#### YOUR OBJECTIVE:
Transcribe the listing exactly, leaving out every picture.

#### GIVEN DATA:
^^^^^^^^^^^^^^^^

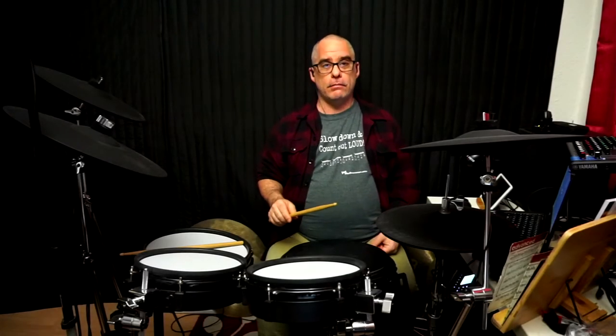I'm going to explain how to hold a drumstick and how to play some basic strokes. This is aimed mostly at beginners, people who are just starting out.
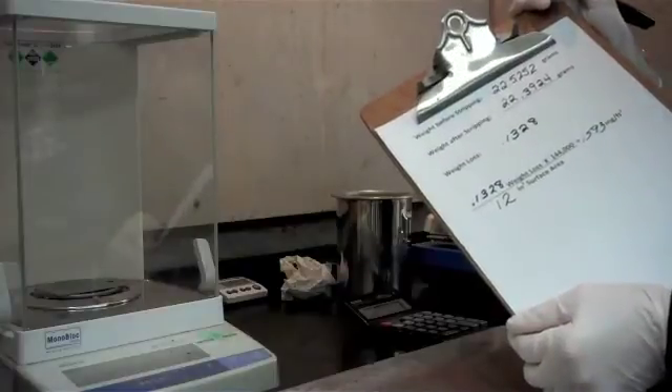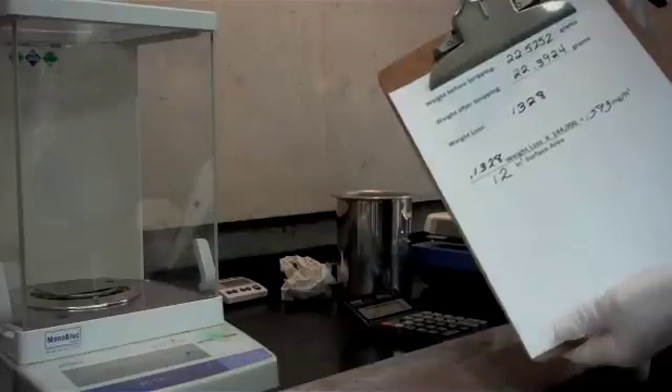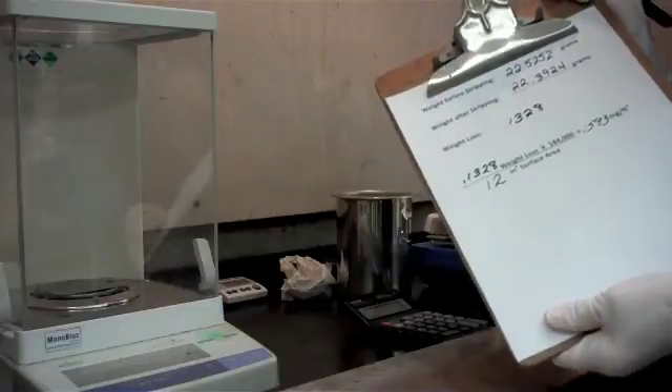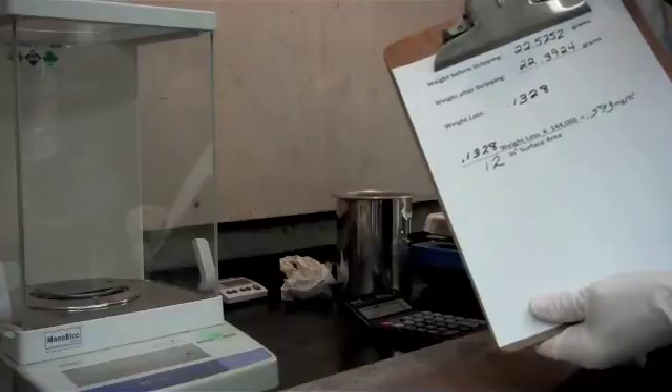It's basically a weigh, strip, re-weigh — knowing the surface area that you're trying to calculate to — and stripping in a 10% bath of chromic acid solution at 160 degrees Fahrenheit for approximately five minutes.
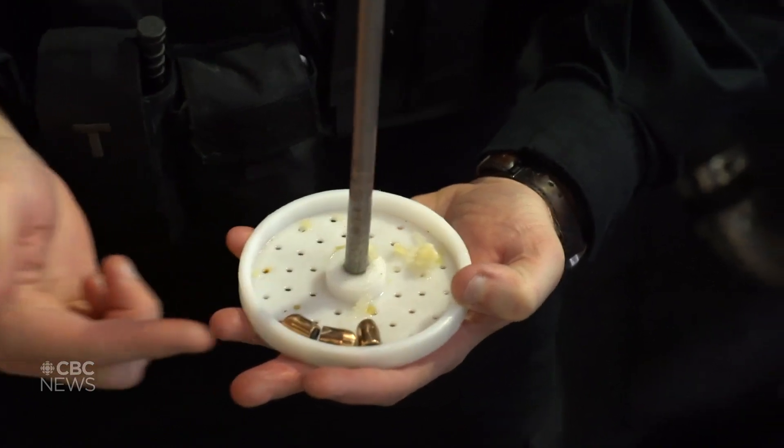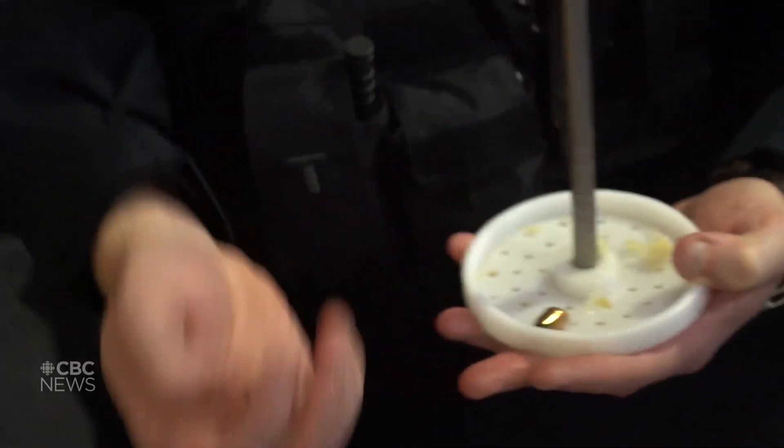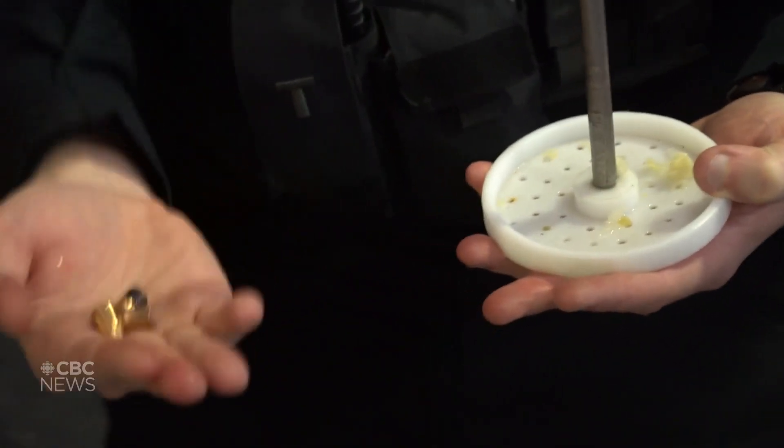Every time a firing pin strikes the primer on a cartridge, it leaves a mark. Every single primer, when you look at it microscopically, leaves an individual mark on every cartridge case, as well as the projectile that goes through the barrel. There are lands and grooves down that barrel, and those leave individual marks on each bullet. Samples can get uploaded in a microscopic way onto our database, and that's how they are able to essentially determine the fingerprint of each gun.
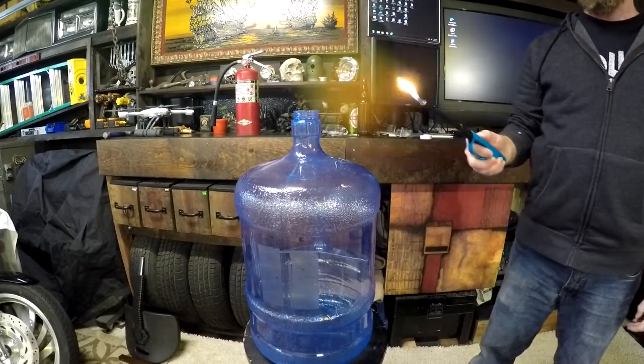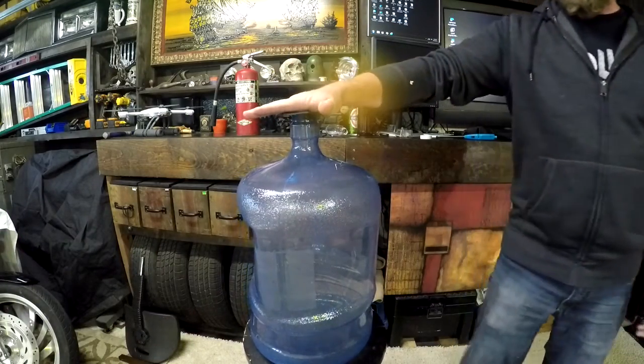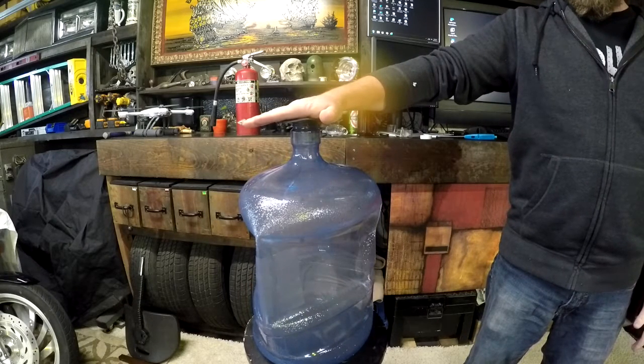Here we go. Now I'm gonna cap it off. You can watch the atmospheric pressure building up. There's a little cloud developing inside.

^^^^^^^^^^^^^^^^

#### TASK RESULT:
I'm going to explain how to hold a drumstick and how to play some basic strokes. This is aimed mostly at beginners, people who are just starting out.
It's basically a weigh, strip, re-weigh — knowing the surface area that you're trying to calculate to — and stripping in a 10% bath of chromic acid solution at 160 degrees Fahrenheit for approximately five minutes.
Every time a firing pin strikes the primer on a cartridge, it leaves a mark. Every single primer, when you look at it microscopically, leaves an individual mark on every cartridge case, as well as the projectile that goes through the barrel. There are lands and grooves down that barrel, and those leave individual marks on each bullet. Samples can get uploaded in a microscopic way onto our database, and that's how they are able to essentially determine the fingerprint of each gun.
Here we go. Now I'm gonna cap it off. You can watch the atmospheric pressure building up. There's a little cloud developing inside.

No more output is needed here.